Sygn. akt V CNP 52/09
WYROK
W IMIENIU RZECZYPOSPOLITEJ POLSKIEJ
Dnia 22 stycznia 2010 r.
Sąd Najwyższy w składzie :
SSN Lech Walentynowicz (przewodniczący)
SSN Józef Frąckowiak
SSN Barbara Myszka (sprawozdawca)
w sprawie ze skargi M. B. o stwierdzenie niezgodności z prawem prawomocnego
wyroku Sądu Okręgowego w K.
z dnia 29 marca 2007 r., sygn. akt III Ca (…),
w sprawie z powództwa „E.(…)" S.A. w K., Zakładu Elektroenergetycznego w B.
przeciwko M. B.
o zapłatę,
po rozpoznaniu na posiedzeniu niejawnym w Izbie Cywilnej
w dniu 22 stycznia 2010 r.,
1. stwierdza, że wyrok Sądu Okręgowego w K. z dnia 29 marca 2007 r., sygn.
akt III Ca (…), jest niezgodny z prawem;
2. zasądza od "E.(…)" S.A. w K., Zakładu Elektroenergetycznego w B. na rzecz
skarżącego M. B. kwotę 450 (czterysta pięćdziesiąt) złotych tytułem zwrotu
kosztów postępowania.
2
Uzasadnienie
Sąd Rejonowy w D. – po rozpoznaniu sprawy z powództwa „E.(…)” S.A. w K.,
Zakładu Elektroenergetycznego z siedzibą w B., przeciwko M. B. – wyrokiem z dnia 27
grudnia 2006 r. zasądził od pozwanego na rzecz powoda kwotę 3 311,24 zł z
ustawowymi odsetkami od dnia 10 sierpnia 2005 r. oraz kwotę 1 373,53 zł z tytułu
kosztów procesu. Za podstawę orzeczenia Sąd Rejonowy przyjął następujące ustalenia
faktyczne.
W dniu 18 maja 2005 r. na skutek zgłoszenia pozwanego, który jest odbiorcą
energii elektrycznej dostarczanej przez powoda, przeprowadzono kontrolę
prawidłowości działania licznika. Pracownicy powoda stwierdzili, że licznik nie posiada
biegu jałowego i pracując bez obciążenia nie dolicza samoczynnie zużycia. Pozwany
podpisał protokół z przebiegu czynności kontrolnych i zażądał przeprowadzenia
ekspertyzy licznika, który – jego zdaniem – naliczał zawyżone zużycie. Ekspertyza
przeprowadzona przez Obwodowy Urząd Miar w S. wykazała, że licznik nie ma biegu
jałowego, niemniej tarcza obraca się bardzo szybko i brak momentu hamującego, co
wskazuje na utratę właściwości magnetycznych. Błąd dodatni w naliczaniu zużycia
wynosił 99,9%.
Utrata właściwości magnetycznych spowodowana była działaniem na licznik
silnym polem magnetycznym, wytwarzanym przez magnes neodymowy.
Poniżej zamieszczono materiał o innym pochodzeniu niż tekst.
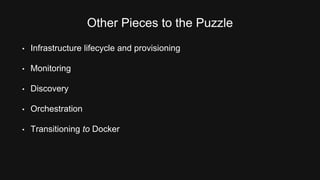 Other Pieces to the Puzzle 
• Infrastructure lifecycle and provisioning 
• Monitoring 
• Discovery 
• Orchestration 
• Transitioning to Docker 
 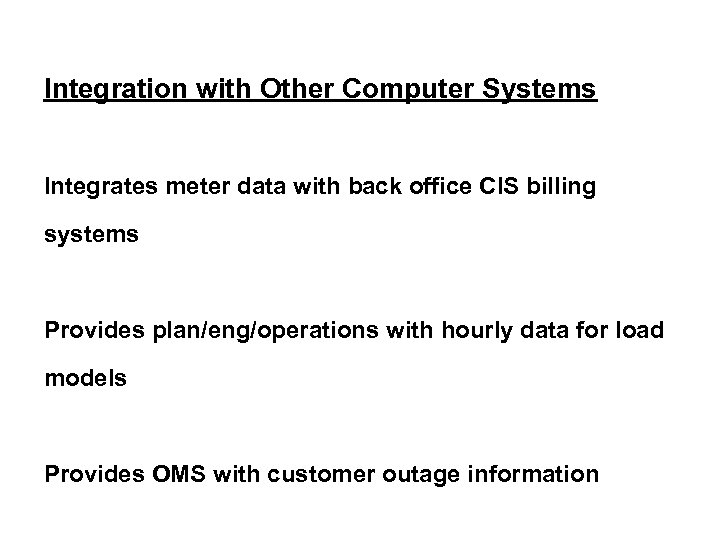 Integration with Other Computer Systems Integrates meter data with back office CIS billing systems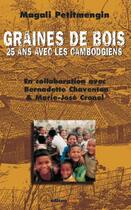 Couverture du livre « Graines De Bois ; 25 Ans Avec Les Cambodgiens » de Magali Petitmengin aux éditions Editoo.com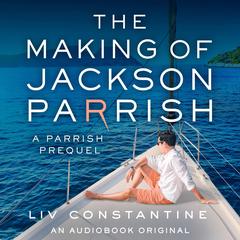 The Making of Jackson Parrish: A Parrish Prequel Audibook, by Liv Constantine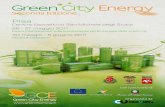 Green City Energy - casaportale.com · Il modello di gestione ambientale della Città di ... Progetti su energie rinnovabili e risparmio energetico del Comune di ... ai Lavori Pubblici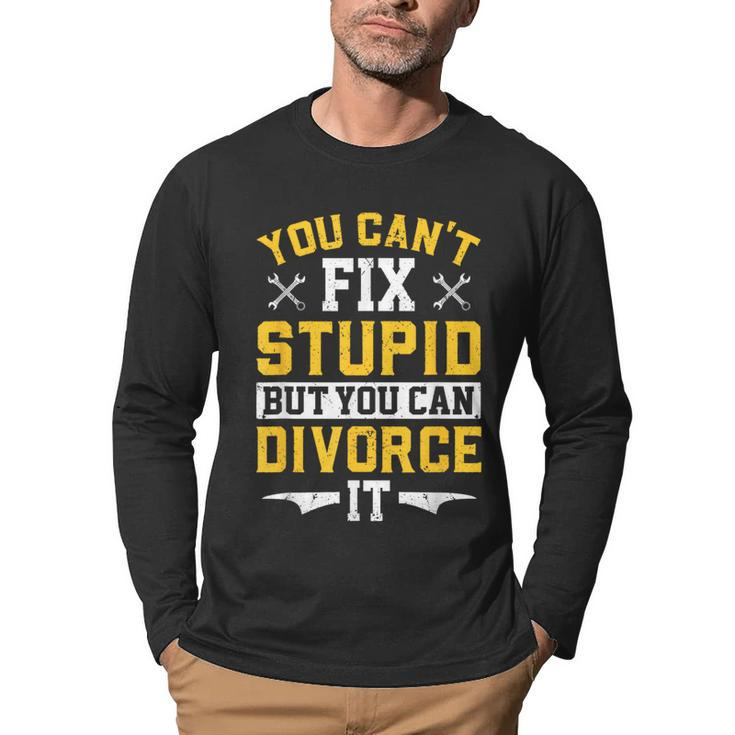 You Cant Fix Stupid But You Can Divorce Funny Divorce Party  Party Gifts Men Graphic Long Sleeve T-shirt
Wyrokiem Sądu Rejonowego w D. z dnia 13 listopada 2006 r. pozwany został
uniewinniony od zarzutu dokonania kradzieży energii elektrycznej na szkodę powoda o
wartości 3 311,24 zł przez pozbawienie licznika właściwości magnetycznych.
Powód wyliczył wysokość szkody na podstawie taryfy zatwierdzonej decyzją
Prezesa Urzędu Regulacji Energetyki, obowiązującej od dnia 1 stycznia 2005 r., i w dniu
26 lipca 2005 r. wystawił notę obciążeniową na kwotę 3 311,24 zł, po czym pismem z
dnia 21 września 2005 r. wezwał pozwanego do zapłaty tej kwoty.
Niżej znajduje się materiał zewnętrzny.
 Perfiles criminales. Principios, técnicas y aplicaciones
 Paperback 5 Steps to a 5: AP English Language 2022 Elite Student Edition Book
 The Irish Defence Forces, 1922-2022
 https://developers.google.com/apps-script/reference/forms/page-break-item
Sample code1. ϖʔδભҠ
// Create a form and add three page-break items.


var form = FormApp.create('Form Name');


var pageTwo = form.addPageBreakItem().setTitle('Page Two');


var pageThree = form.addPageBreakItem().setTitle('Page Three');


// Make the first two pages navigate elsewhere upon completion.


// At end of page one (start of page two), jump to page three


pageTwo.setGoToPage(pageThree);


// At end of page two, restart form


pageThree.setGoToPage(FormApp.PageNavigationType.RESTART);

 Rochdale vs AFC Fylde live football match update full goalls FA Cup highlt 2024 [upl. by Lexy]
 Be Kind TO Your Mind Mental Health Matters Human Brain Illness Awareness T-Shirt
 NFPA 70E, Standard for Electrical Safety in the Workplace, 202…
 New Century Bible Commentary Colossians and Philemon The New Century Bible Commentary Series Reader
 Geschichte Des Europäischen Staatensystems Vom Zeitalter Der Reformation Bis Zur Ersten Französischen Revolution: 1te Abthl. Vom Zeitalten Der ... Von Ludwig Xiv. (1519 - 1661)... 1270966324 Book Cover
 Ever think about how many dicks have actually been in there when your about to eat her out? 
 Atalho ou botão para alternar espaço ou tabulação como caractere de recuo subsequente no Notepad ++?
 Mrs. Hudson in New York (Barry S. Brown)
Pozwany zaprzeczał, by oddziaływał na licznik polem magnetycznym i w ten
sposób pozbawił go właściwości magnetycznych, jednak zebrany w sprawie materiał
dowodowy – zdaniem Sądu Rejonowego – pozwala na przyjęcie jego
odpowiedzialności. Okoliczność, że wyrokiem wydanym w postępowaniu karnym
pozwany został uniewinniony od zarzutu kradzieży energii, sama przez się nie powoduje
3
wyłączenia jego odpowiedzialności cywilnej, sąd cywilny bowiem może czynić własne
ustalenia co do okoliczności uzasadniających odpowiedzialność. Według opinii biegłego,
przyczyną uszkodzenia licznika było działanie nań magnesem neodymowym, który jest
jedynym ogólnie dostępnym urządzeniem wytwarzającym tak silne stałe pole
magnetyczne, że jest ono w stanie spowodować utratę właściwości magnetycznych.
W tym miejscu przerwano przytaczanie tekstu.